The Supreme Court will soon decide whether Donald Trump has immunity from criminal prosecution for his actions that culminated with the events on January 6, 2021. Immunity is most frequently granted when a prosecutor agrees not to prosecute a person in exchange for testimony against someone else. Trump, however, is not seeking immunity as part of such a bargain. Instead, he wants it for his status as ex-president of the United States. Status, however, has not prevented the prosecution of governors, members of Congress, judges, CEOs, religious figures, or others.

While status has not given others immunity, it has been argued that a president enjoys limited immunity while in office. The Office of Legal Counsel of the Department of Justice (OLC) in 1973 and 2000 concluded that it was, in fact, unconstitutional to prosecute a sitting president. The Office reasoned in part that the president “is the symbolic head of the Nation. To wound him by a criminal proceeding is to hamstring the operation of the whole governmental apparatus in both foreign and domestic affairs.” And, of course, the time that a sitting president spends defending criminal charges is time not spent governing.

Other prominent legal thinkers have not agreed with the OLC and have maintained that even while president, a person can be criminally charged. The Supreme Court has never decided this issue, but the OLC’s rationale would only protect a person while in office. Trump, however, wants something much more. He wants immunity now even though he is no longer the symbolic head of the country and a criminal trial would no longer interfere with presidential duties. He wants immunity for his status as ex-president.
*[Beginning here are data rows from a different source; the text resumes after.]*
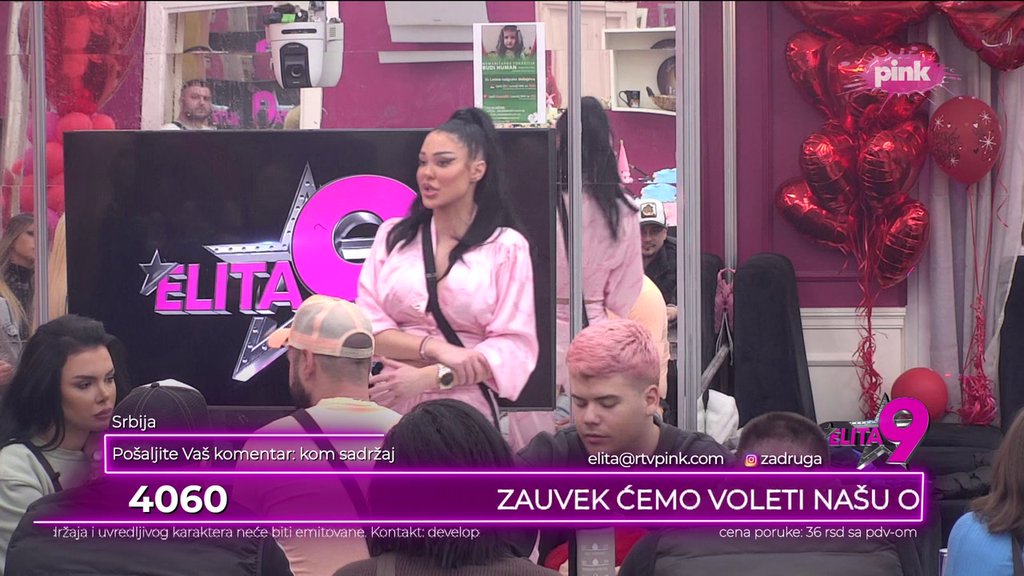 LUPILA MU BLOK: Maja precrtala Asmina zbog jedne stvari, on promenio sve boje i rekao da ga ona ne zanima (VIDEO)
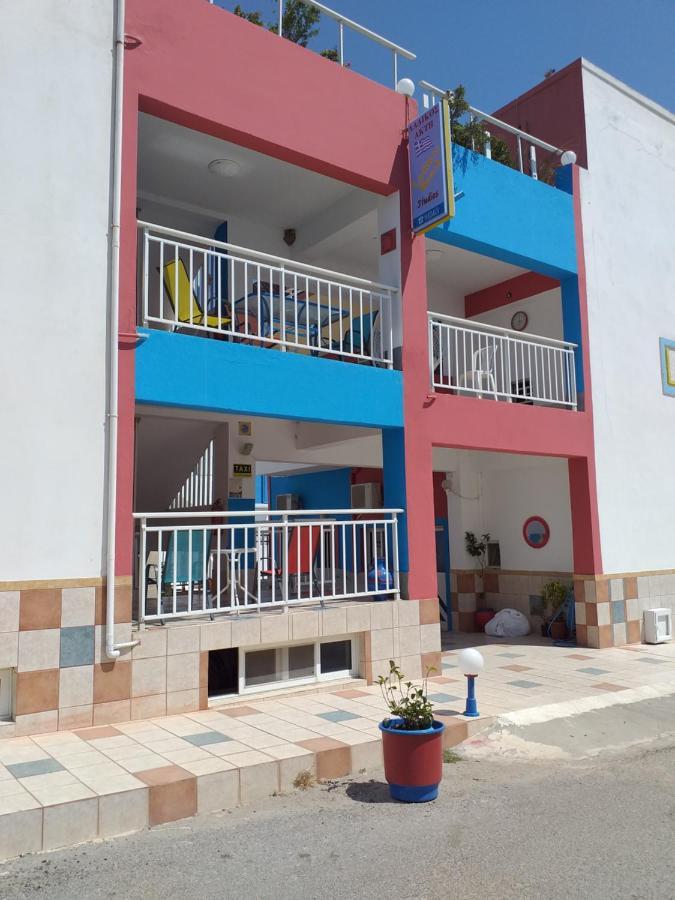 Ladikos Beach Hotel Kardamena  Zewnętrze zdjęcie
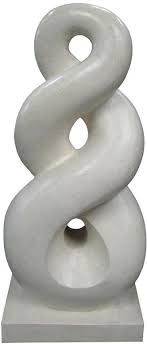 infinity sculpture kiwiana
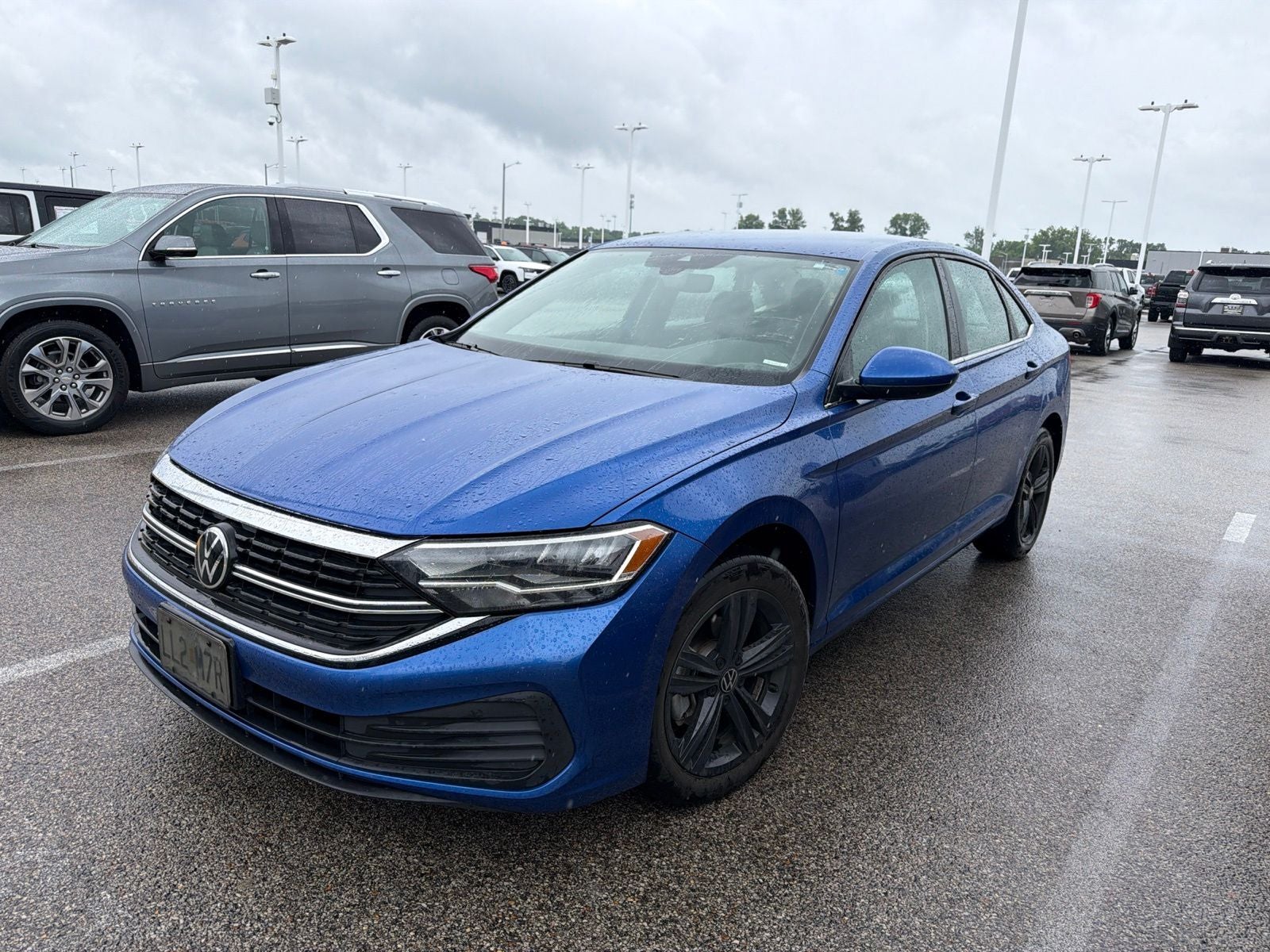 2024 Volkswagen Jetta SE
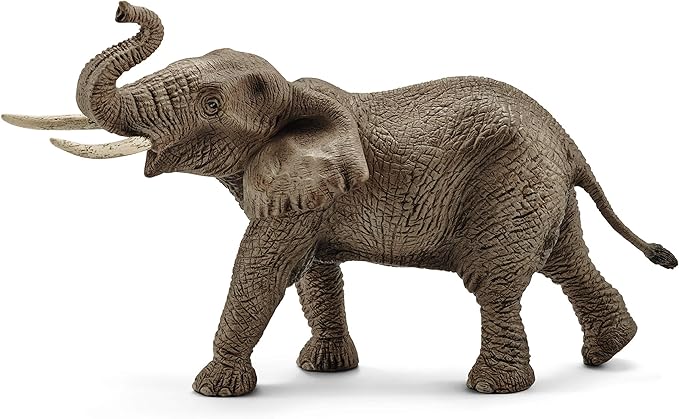 Schleich African Elephant Male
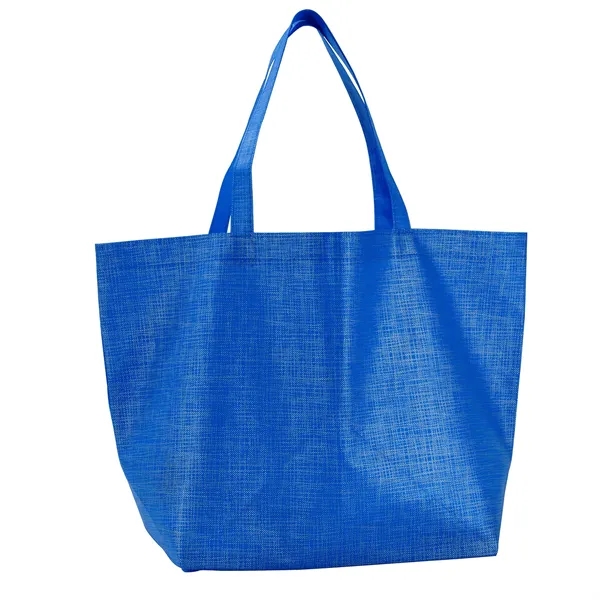 13" x 20" non-woven grocery tote bag.... from ASI 68507 The Magnet Group / Perfect Line
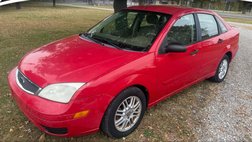 2005 Ford Focus 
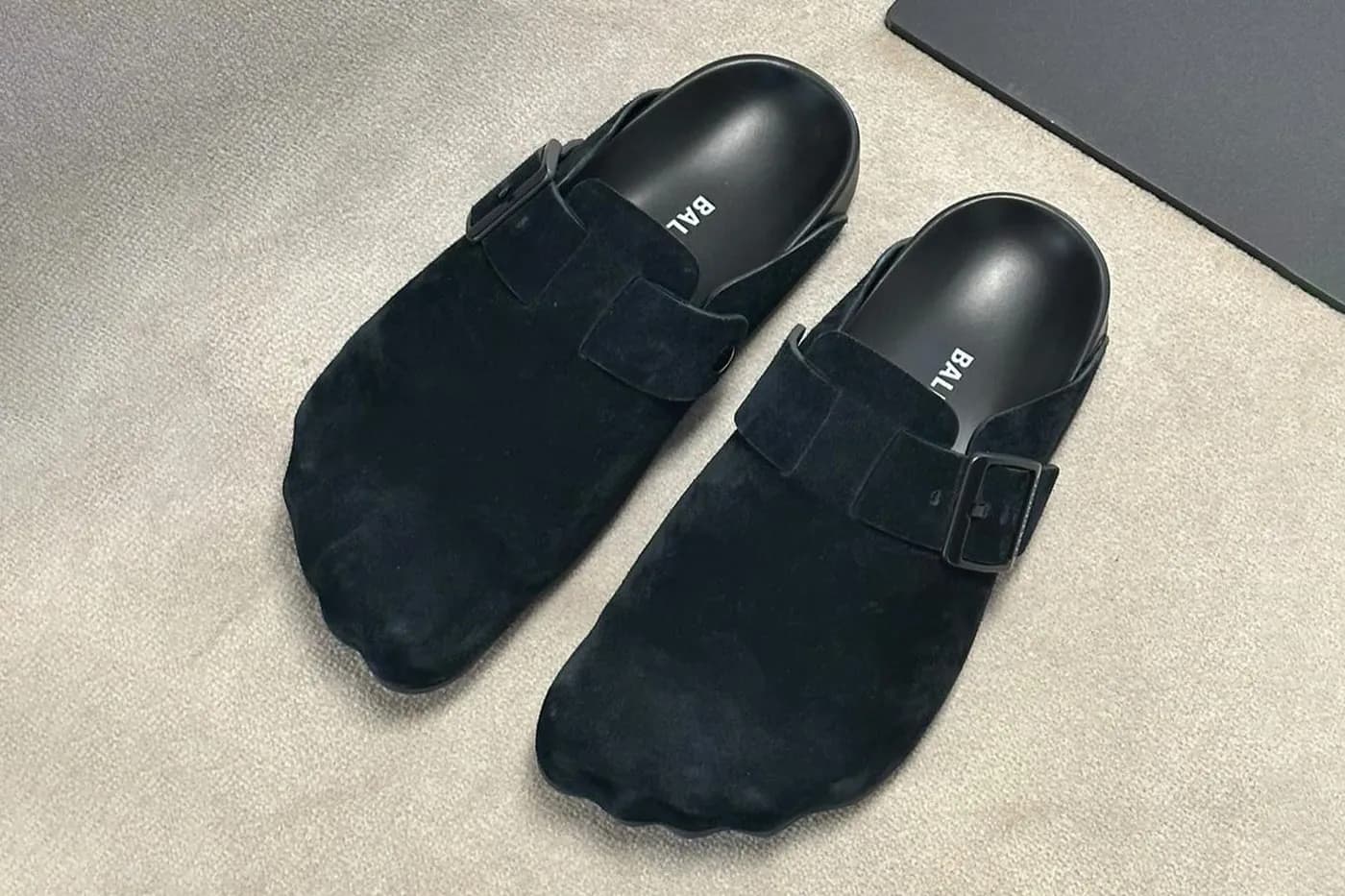 Balenciaga Sunday Mules 3 Styles
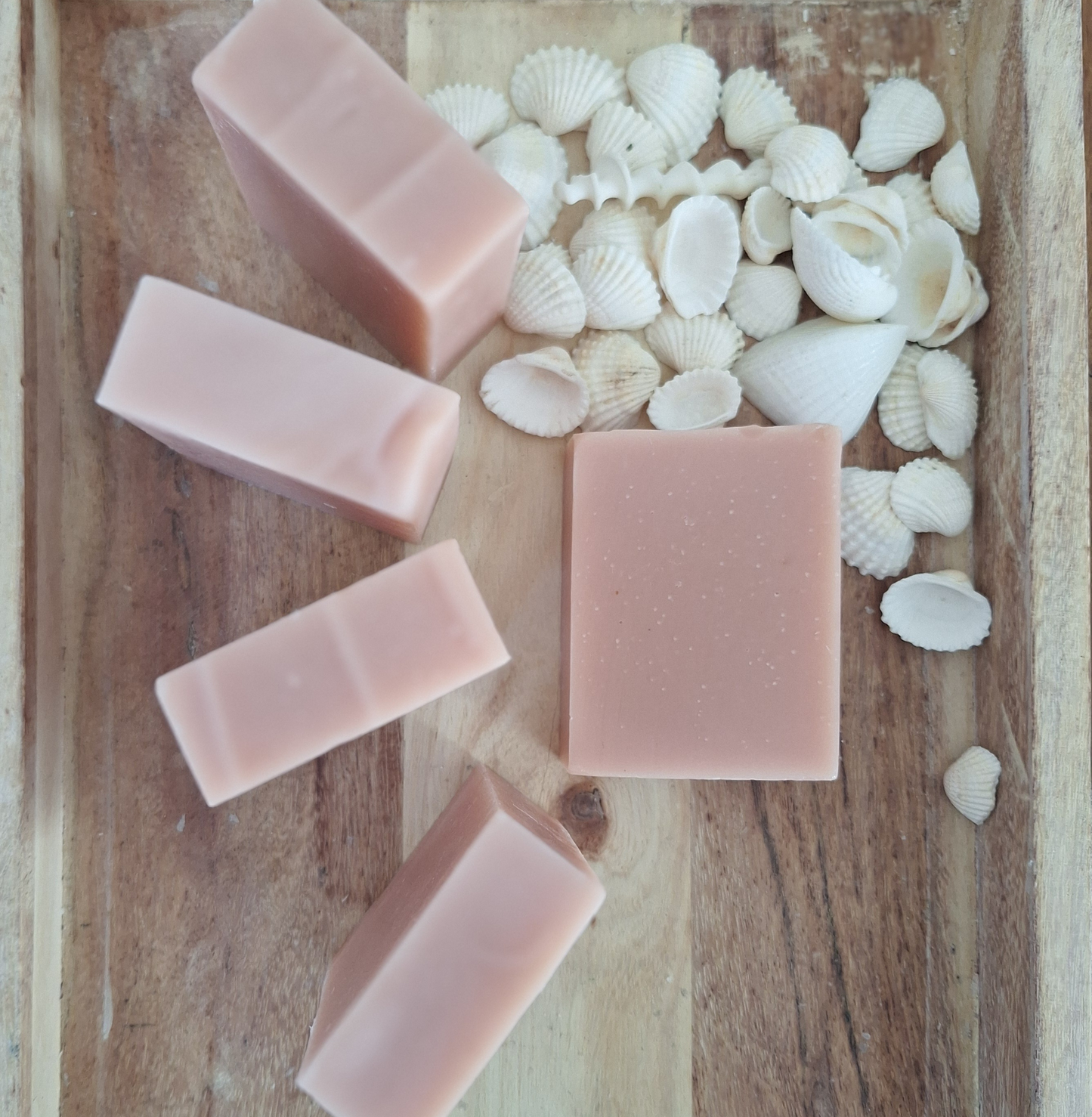 Rose Clay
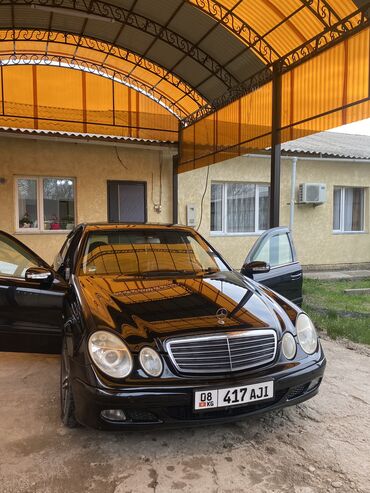 Mercedes-Benz: Mercedes-Benz V 200: 2003 г., 1.8 л, Автомат, Бензин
 Some find merit in his position. For example, Marco Rubio, as reported by Nick Robertson in The Hill of March 24, 2024, defended Trump’s claim of immunity. Rubio said, “I do think there’s a legitimate issue here that we need to talk about writ large, especially after what we’ve seen in the last three years. Do we want to live in a country where basically the opponents of the president can kind of extort them, can have leverage over them during their entire presidency and say, ‘Don’t worry, once you’re out of office, we’re going to prosecute you or we’re going to come after you, charge you with this crime or that crime.’ We’re living in a country now, where basically, if you’re president now, you have to think to yourself, ‘I gotta be careful what I do as president,’ not even legal or illegal, even on policy.”

Robertson reports that Trump’s attorney have made a similar claim: “A denial of criminal immunity would incapacitate every future President with de facto blackmail and extortion while in office, and condemn him to years of post-office trauma at the hands of political opponents. That bleak scenario would result in a weak and hollow President, and would thus be ruinous for the American political system as a whole. That vital consideration alone resolves the question presented in favor of dismissal of this case.”

Nowhere in the Constitution does it say that a president, much less an ex-president, has immunity. The only explicit constitutional provision about presidential immunity makes it clear that ex-presidents can be prosecuted at least sometimes. Section 3 of Article I states that a person convicted of an impeachable offense, which would result in the removal from office, “shall nevertheless be liable and subject to Indictment, Trial, Judgment and Punishment, according to Law.”

If the Supreme Court were to find any sort of immunity for Trump, they would have to make it up. That, of course, is not what they will say they are doing. Instead, they will say that they are inferring it from explicit constitutional provisions. The Supreme Court has often been criticized for finding rights that are not explicitly stated in the Constitution, but only “activist” judges could proclaim prosecutorial immunity for an ex-president.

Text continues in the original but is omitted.